For me, someone who knows the governments abusive tactics violation civil rights everyday of the year, the 33 page opinion is a delightful read. The three judge panel provides an extensive analysis of absolute immunity, qualified immunity, and Monell. These three legal principles are the Damocles of civil rights actions. The opinion acknowledges that “worthy civil rights claims are often never brought to trial,” because of these three doctrines. The overlap and intertwining of these principles “frequently conspire to turn winnable claims into losing ones.”

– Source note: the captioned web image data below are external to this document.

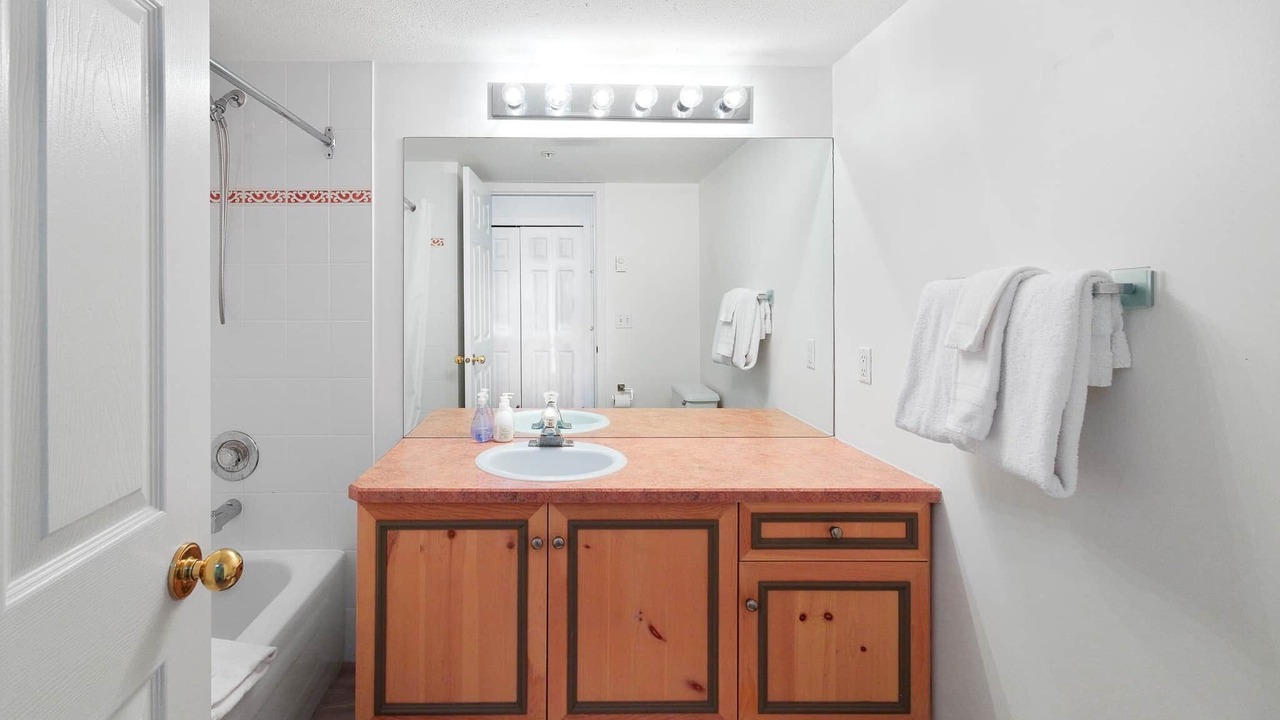 Photo of Bathroom in Quail Ridge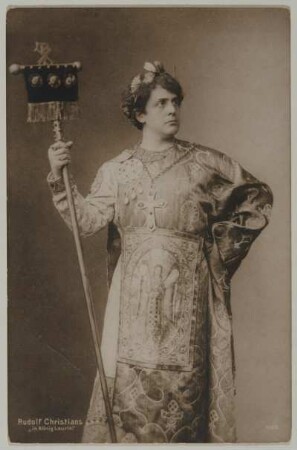 Rudolf Christians als Dietrich von Bern? in "König Laurin". Fotografie (Weltpostkarte mit gedrucktem Namenszug). Um 1900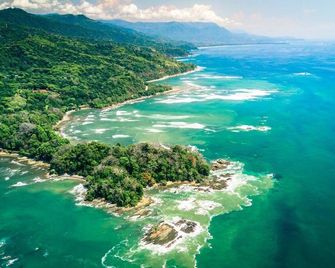 Your Own Private Mini Resort In A Large Private Estate - Dominical - Building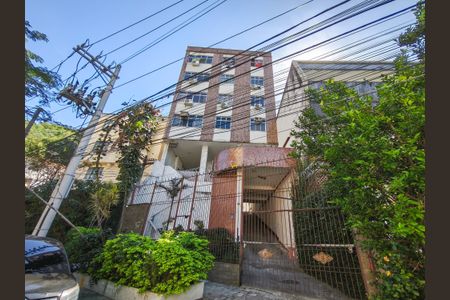 Apartamento à venda com 94m², 3 quartos e 1 vaga Apartamento à venda com 94m², 3 quartos e 1 vagaFachada do Prédio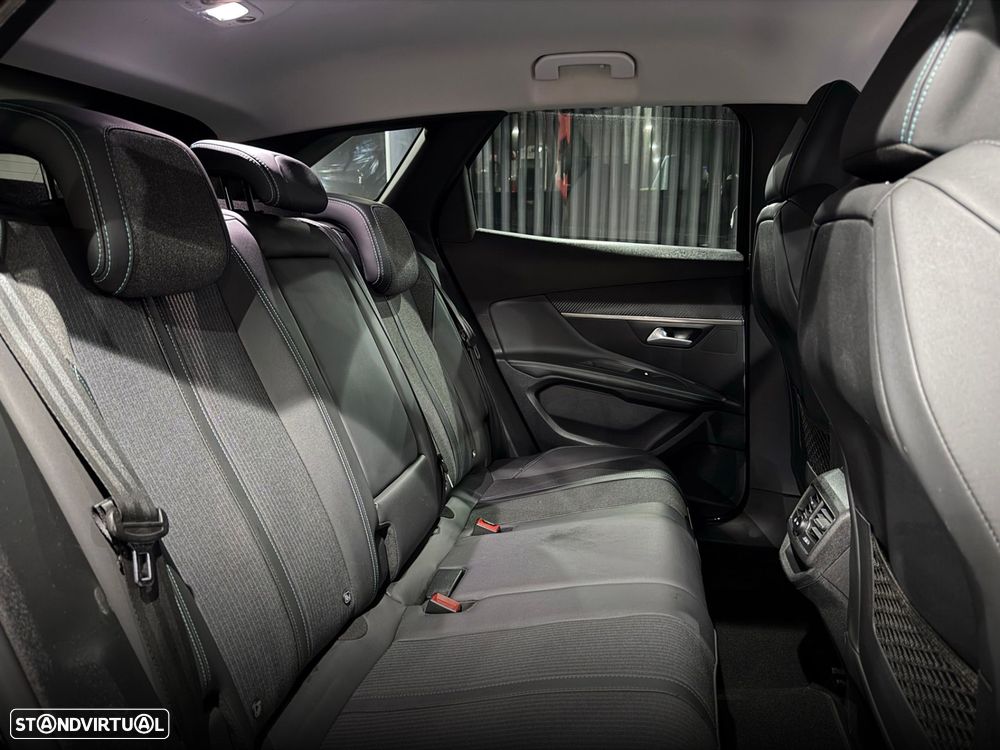 Peugeot 3008 1.2 PureTech Allure EAT8 - 36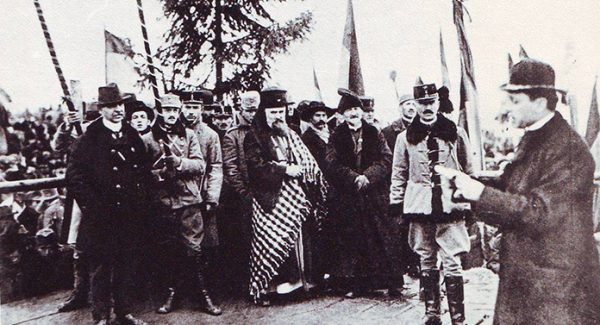 unire-alba-iulia-1918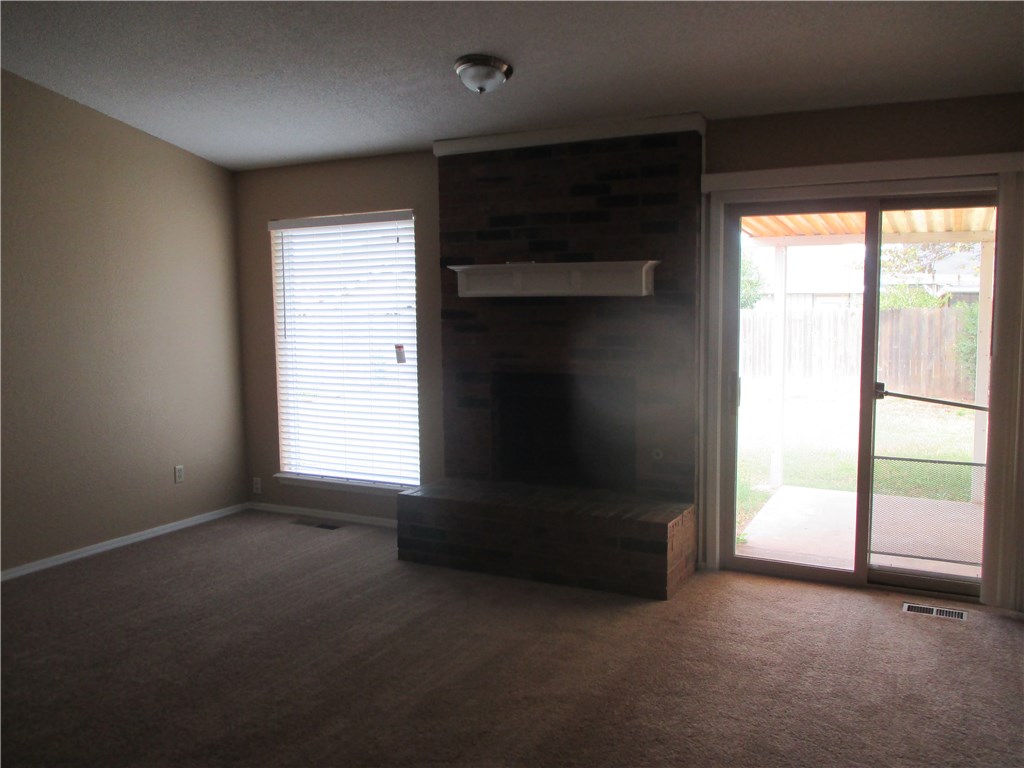 1353 Oswego Drive, Yukon, OK 73099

After the majority of the panel agreed with the District Court that the actions of the prosecuting attorney did NOT afford him absolute immunity, the dissenting opinion found that governing precedent prevented the Court from granting this relief, even though he did not agree. Judge James C. Ho opined this:

“This case illustrates that conspiracy in action. Under the doctrine of
absolute prosecutorial immunity, Wearry cannot bring suit against the
prosecutor or the police officer who wrongly put him on death row. And that
is so even if we assume (as we must at this stage) that the prosecutor and
police officer engaged in a malicious campaign to coerce false testimony
against him. Nor could Wearry sue the municipality that employed the
prosecutor and police officer, because neither of them was operating
pursuant to an official municipal policy or custom. See id. at 691 (“Congress
did not intend municipalities to be held liable unless action pursuant to
official municipal policy . . . caused [the] constitutional tort”); id. (“[A]
municipality cannot be held liable under [42 U.S.C.] § 1983 on a respondeat
superior theory.”).
The good news for anyone outraged by this state of affairs is that the
American people have a remedy. Congress decides what our laws shall be.
Courts merely interpret and apply those laws. So if a court applies a rule of
law that seems wrong and unjust, the people can demand that the legislative
branch fix it.
In sum, Congress can abolish qualified immunity, absolute
prosecutorial immunity, and Monell. And it can do so anytime it wants to.”

Judge Ho called the problem one of the “court’s own making”, i.e, inventing qualified immunity which added a burden to the Plaintiff’s prove. Not only does the plaintiff have to show that his constitutional right was violated, but that it was clearly established at the time the act was committed.

I know from litigation experience, that the plaintiff is faced with razor sharp distinctions in the facts of the case.

Wearry is a good move by the Fifth Circuit Court, it is likely that the defendants will push this to the Supreme Court. We will keep an eye on it.